Note finally that although OpenFormula is part of the ODF 1.2 specification, it was designed to be a portable, embeddable expression language syntax. It is a natural fit for a spreadsheet application, but it could be used wherever you need to encode a calculable expression with a rich library of domain-specific functions. It was designed so it could be used in other contexts.

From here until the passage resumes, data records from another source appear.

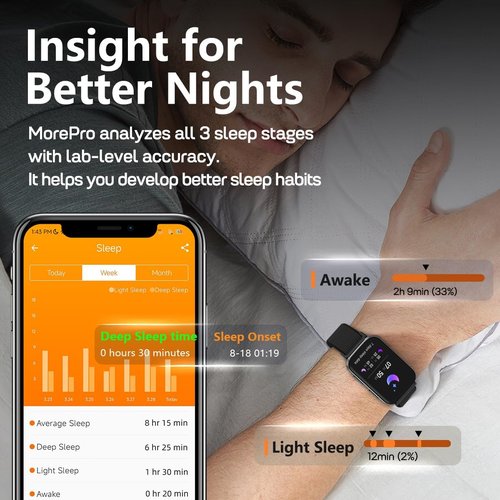 MorePro Smart Fitness Tracker - Advanced Health Monitoring Smartwatch for Active Lifestyles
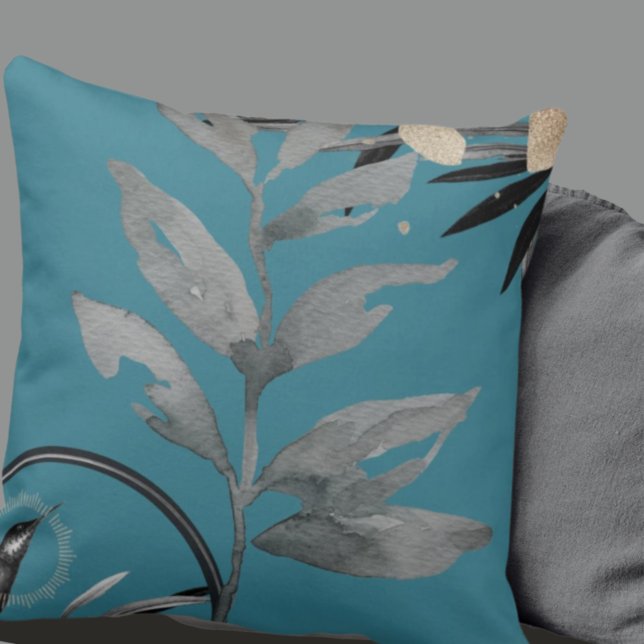 Coussin Turquoise & Gris Feuilles d'aquarelle artistique (Créateur téléchargé)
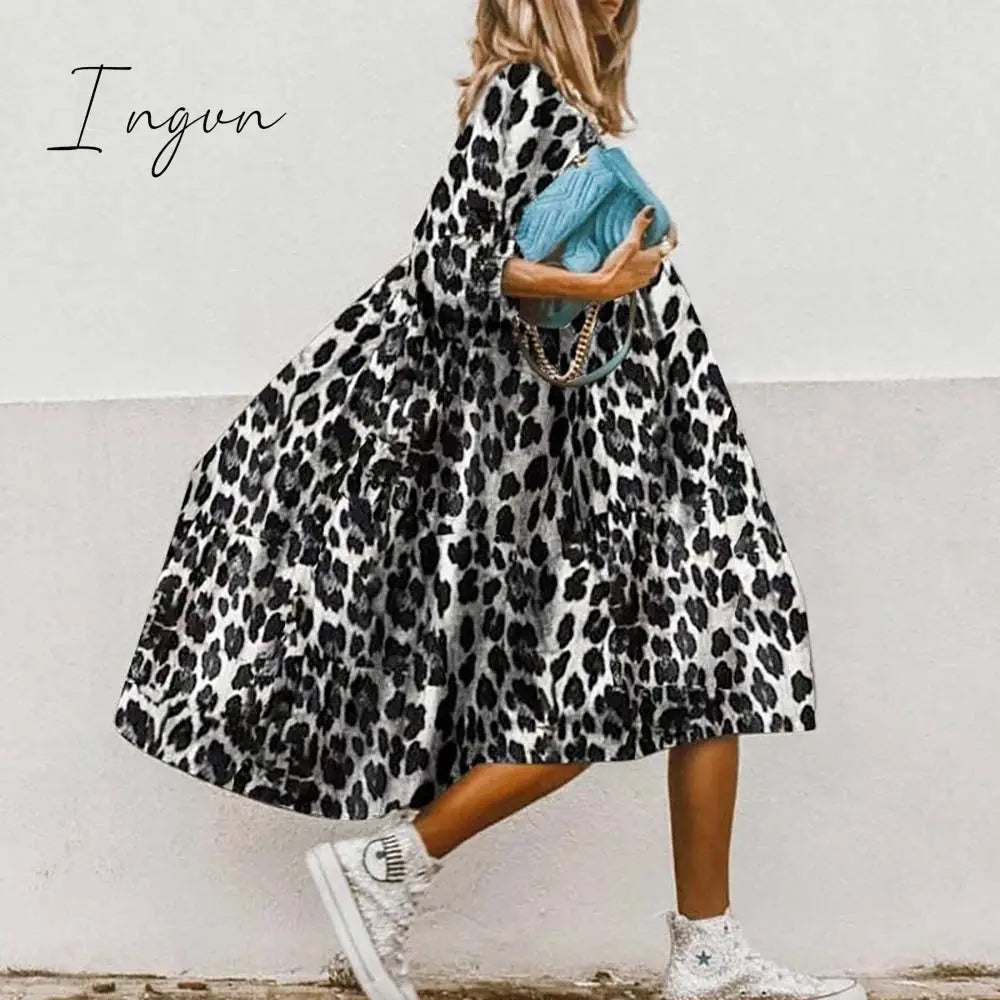 Ingvn - Autumn women's Middle Sleeve Casual Style Polyester New Round Neck Middle Waist Pullover Large Swing Printed A-line Dress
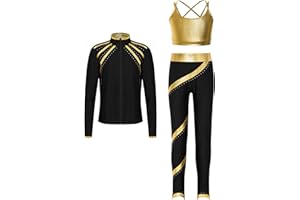 Kaerm Kids Girls Figure Ice Skating Outfits Long Sleeve Skating Jacket with Dance Crop Tops And Leggings Set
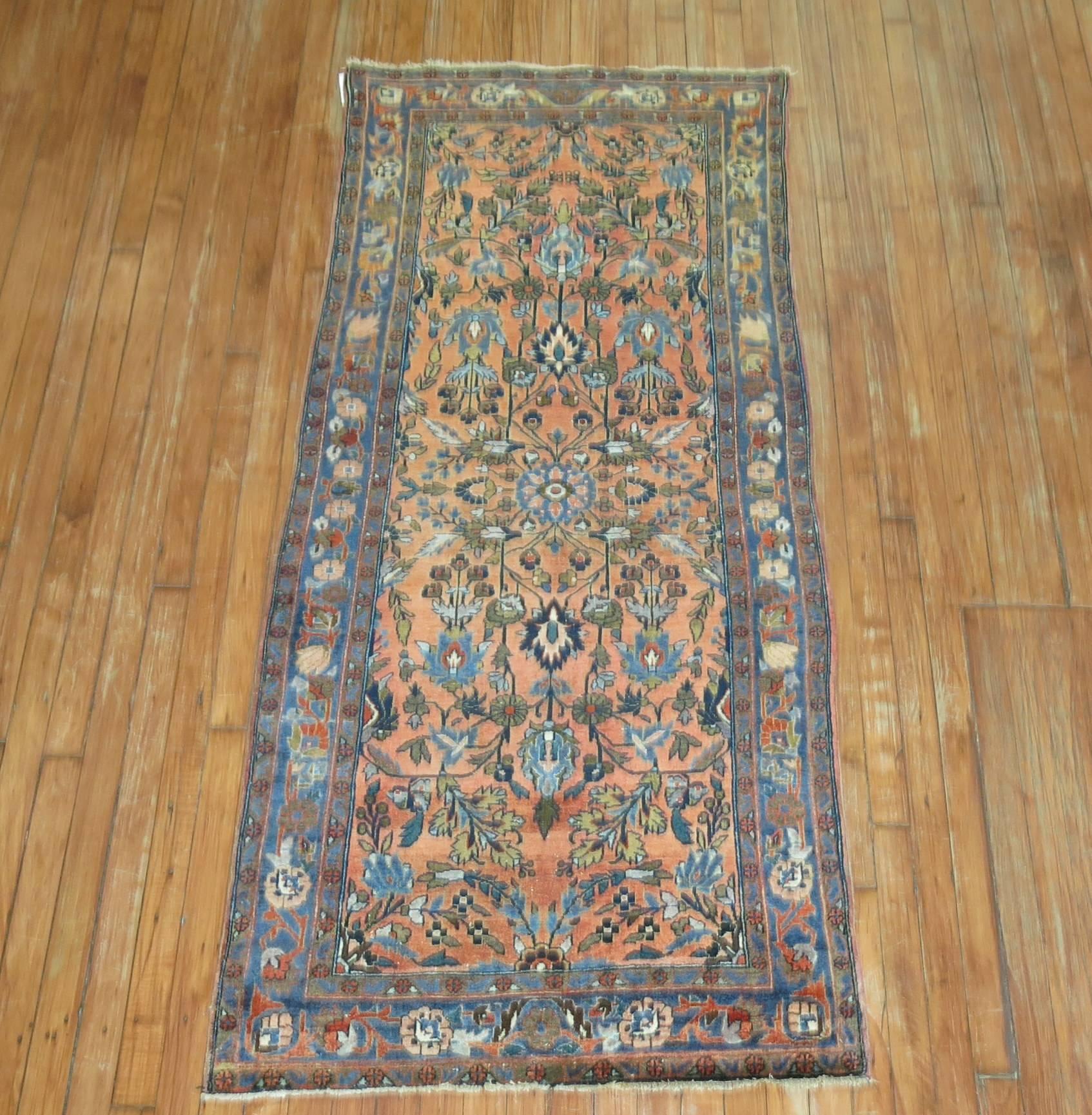 Antique Persian Sarouk Small Runner In Excellent Condition In New York, NY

I think it would be a fun project to implement OpenFormula as a standalone library, Java or Python, where you feed it an expression, along with an “address resolver” object to resolve names (e.g., cell references) to values, and then have it calculate the output value. This could be the first step toward some interesting things. For example, I give you an ODF spreadsheet and you generate a web app that executes the same model as my spreadsheet. (Many years ago, in the 1980’s there was a “spreadsheet compiler” that did something similar to 1-2-3 files). Or I give you a spreadsheet and indicate some variable input cells and you execute thousands of variations on it via Monte Carlo analysis. Or I give value ranges for you on input cells, and you calculate the sheet in variations via interval arithmetic. This may be interesting for sensitivity analysis, risk analysis, analysis of propagation of errors, etc.
Think: “Plugable spreadsheet evaluation engines, all understanding a common formula expression language.”
Once you have a standardized model for a spreadsheet and that model is independent from the calculation engine, then you have the ability to plug in in different calculation engines that conform to the standard, and these various calculation engines can have various strategies. This is a very powerful capability, made possible via standardization.